The Liberal Party of Honduras (Spanish: Partido Liberal de Honduras) is a center-right liberal political party in Honduras that was founded in 1891. The party is a member of the Liberal International. The PLH is identified with the color red and white, as the flag Francisco Morazan used in most of his military campaigns during time of the Central American Federal Republic.
At the legislative elections, held on 25 November 2001, the party won 40.8% of the popular vote and 55 out of 128 seats in Congress. Its candidate at the presidential elections, Rafael Pineda Ponce won 44.3%, but was defeated by Ricardo Maduro of the National Party of Honduras.
The PLH won the closely contested 2005 presidential race, but at the moment[update] the PNH has a majority in the National Congress due to an alliance with the Christian Democrats (Democracia Cristiana).
In the general election of 27 November 2005, the party won 62 out of 128 seats in the National Congress; and its Presidential candidate, Manuel Zelaya, polled 49.9% to defeat the PNH's Porfirio Pepe Lobo, restoring the PLH as the presidential party. He was inaugurated on 27 January 2006.
Elected as a conservative, Zelaya shifted dramatically to the political left during his presidency, forging an alliance with the Hugo Chávez linked ALBA angering conservatives and his own Liberal Party. He was deposed by coup d'état in 2009 and replaced by Roberto Micheletti, also of the Liberal Party.

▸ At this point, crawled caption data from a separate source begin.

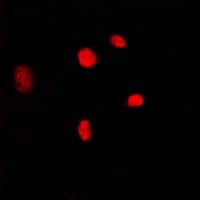 Polyclonal Rabbit anti-Human MYBL2 Antibody (C-Terminus, IF, WB)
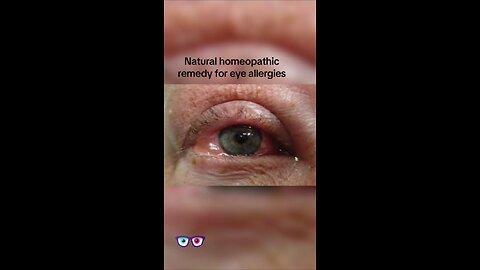 Natural remedy for red eyes and eye allergies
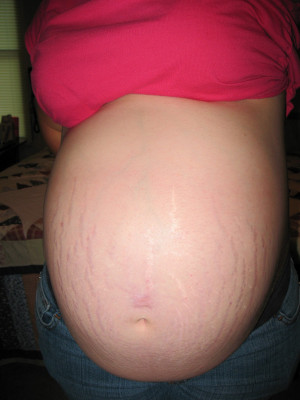 Belly Piercing with Stretch Marks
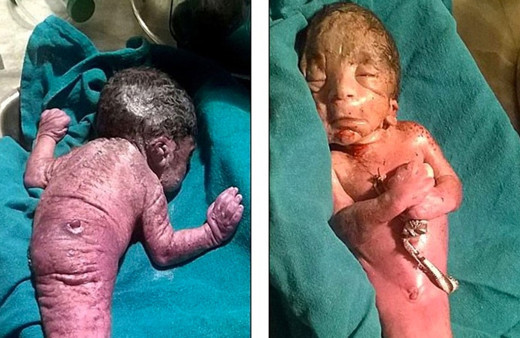 Hindistan’da denizkızı sendromlu bebek dünyaya geldi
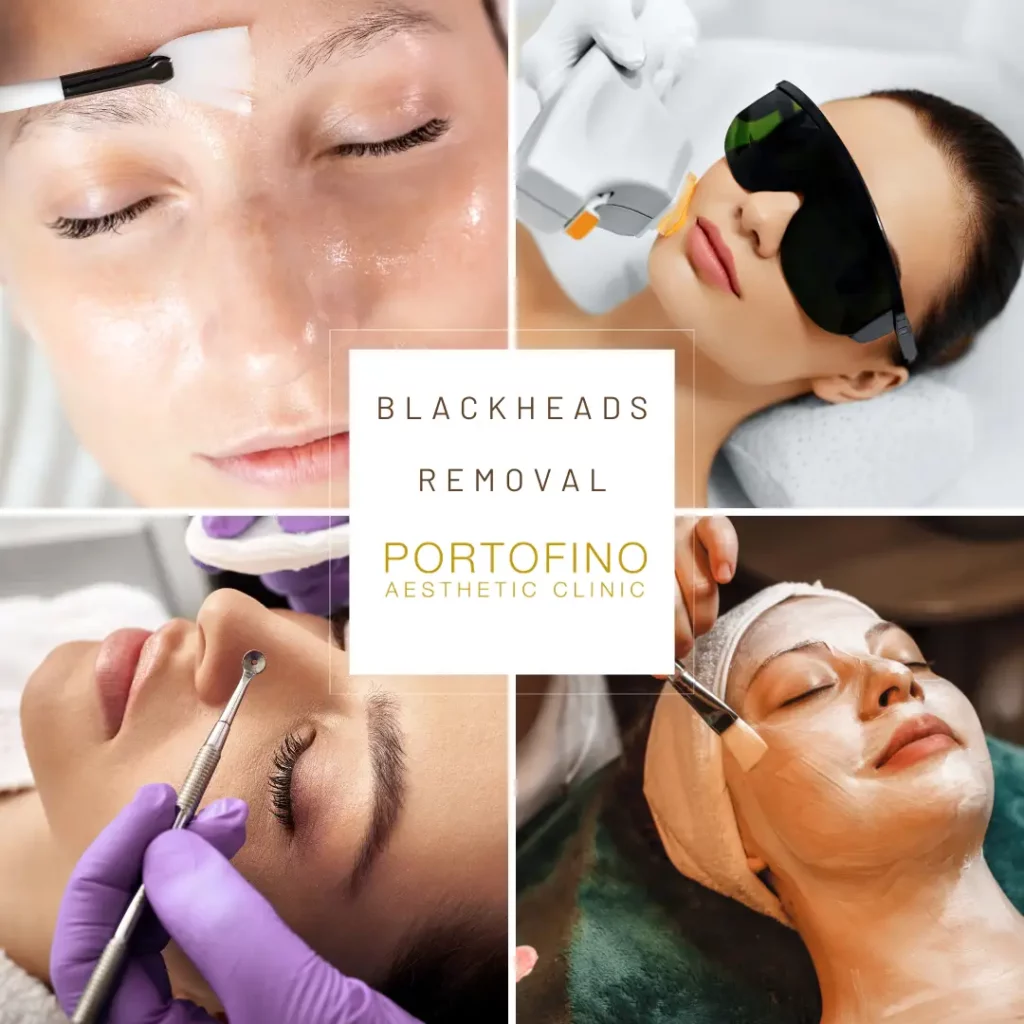 Best Blackheads Removal Treatments - Portofino Clinic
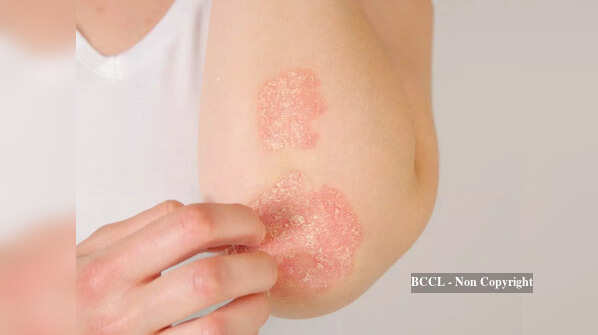 Skin Care: 5 reasons why your skin is peeling off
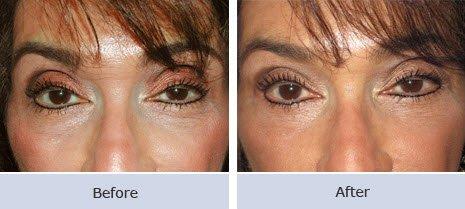 Eyelid Surgery Before & After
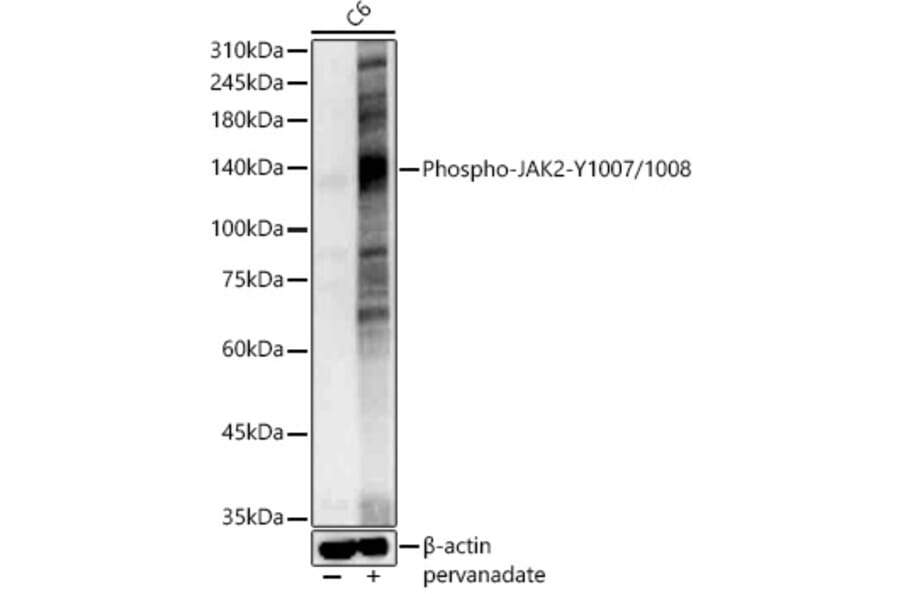 Western Blot - Anti-JAK2 (phospho Tyr1007 + Tyr1008) Antibody (A11009) - Antibodies.com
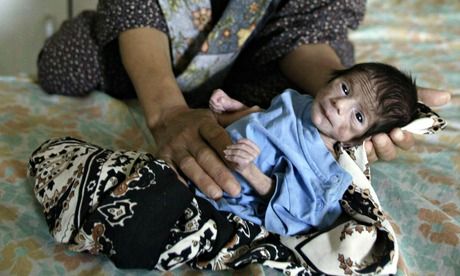 Click to enlarge A baby in a Baghdad hospital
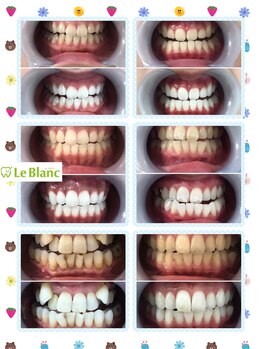 ルブラン 奈良店(Le Blanc)/たったの3週間です!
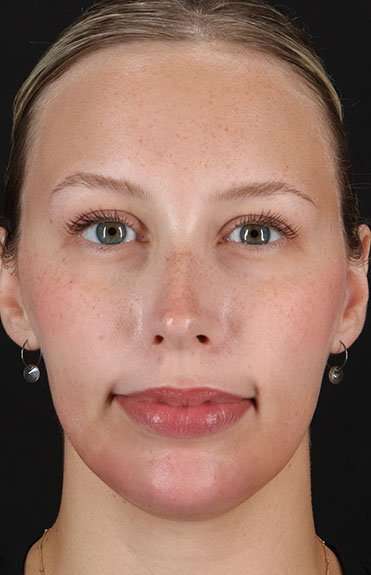 Fillers Before & After Patient #13309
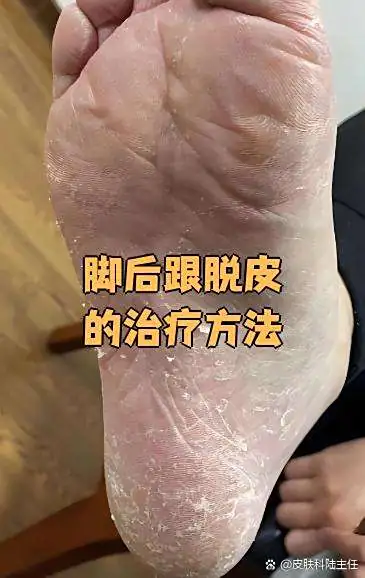 改善摩擦挤压脚脱皮(图1) 改善摩擦挤压脚脱皮
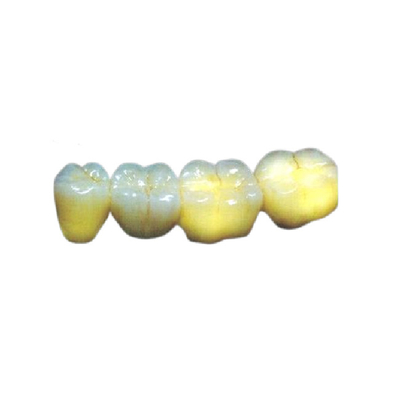 Lleve - la alergia estética de alta resistencia de la corona dental resistente de PFM amistosa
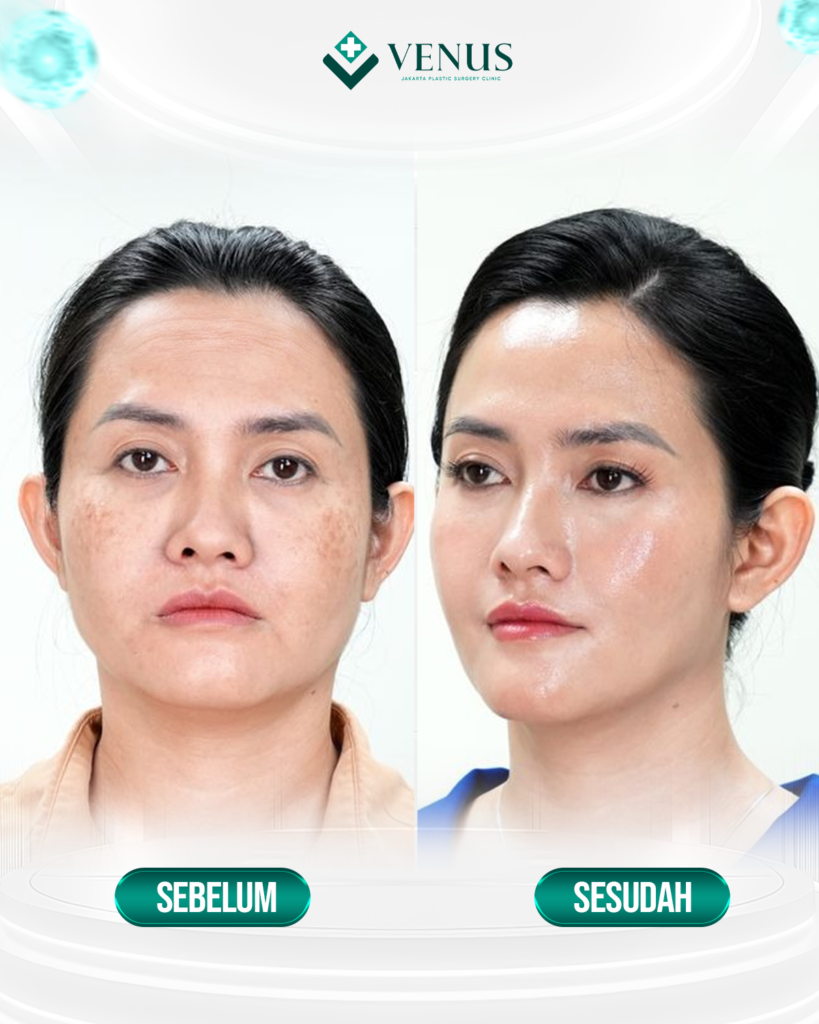 FOREHEAD LIFT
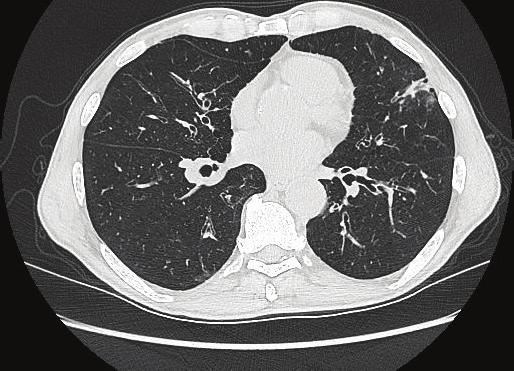 Abiejų plaučių bronchektazės sergant ne tuberkuliozės mikobakterijų sukelta plaučių liga (M. avium) 2 pav.
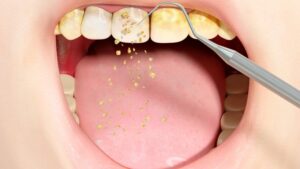 sarro dental extremo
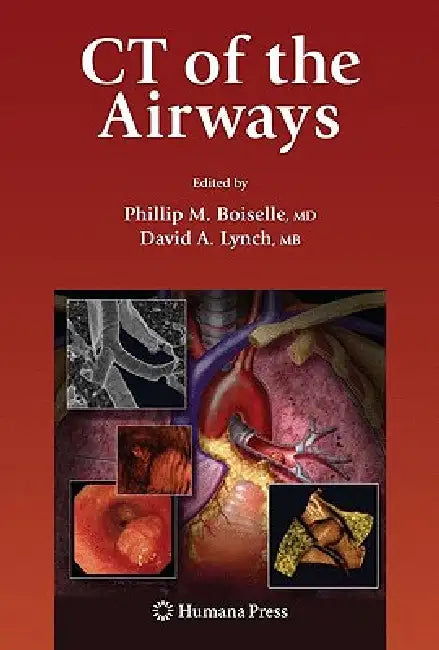 CT of the Airways by Phillip M. Boiselle, David Lynch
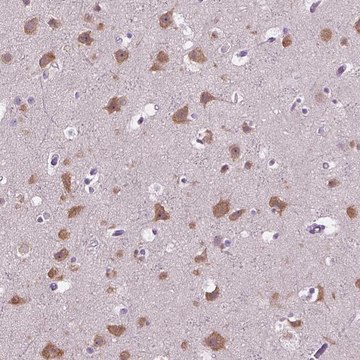 Anti-GAS7 antibody produced in rabbit Prestige Antibodies&#174; Powered by Atlas Antibodies, affinity isolated antibody, buffered aqueous glycerol solution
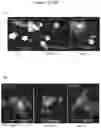 Fig. 10 - EXOSOMES AND MICRO-RIBONUCLEIC ACIDS FOR TISSUE REGENERATION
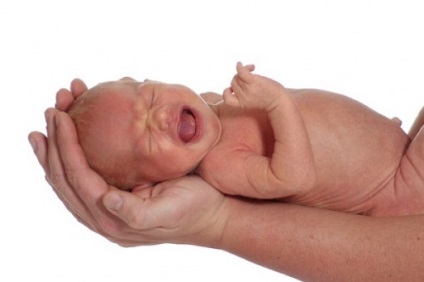 Tencuiala pentru hernia ombilicală pentru nou-născuți și alegerea lui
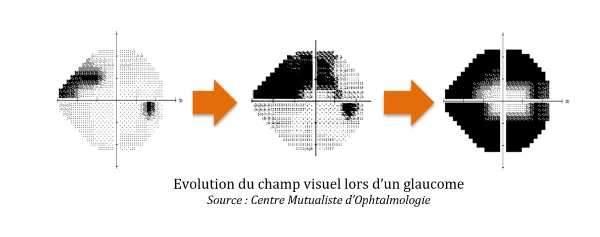 Image retirée.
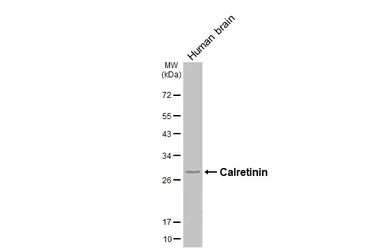 Anti-Calretinin antibody [HL6379] used in Western Blot (WB). GTX648818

At the 2009 elections, the first since the 2009 Honduran coup d'état which removed Manuel Zelaya from power, the Liberal Party was heavily defeated by the National Party candidate for president, Porfirio Lobo Sosa winning the presidency with, according to the Electoral Tribunal, over 1,212,846 votes and 56.56% of the national total of valid votes (in all participation as acknowledged by the tribunal was of 41%) compared with 816,874 votes and 38.1% of the national total for Elvin Santos who was the Liberal candidate, and in the elections to the National Congress of Honduras the Liberal Party of Honduras won 45 seats from its previous 61, out of 128 seats in total. The elections were held under a tense political atmosphere without the accustomed OAS observers and under a civil rights restriction decree, with the elected president Zelaya under military siege in the Brazilian embassy at Tegucigalpa. Sectors opposed to the 2009 coup claim the participation was much less than reported by the authorities, but this claim has not been verified.
The party is against the legalization of abortion, which is punishable by imprisonment in Honduras.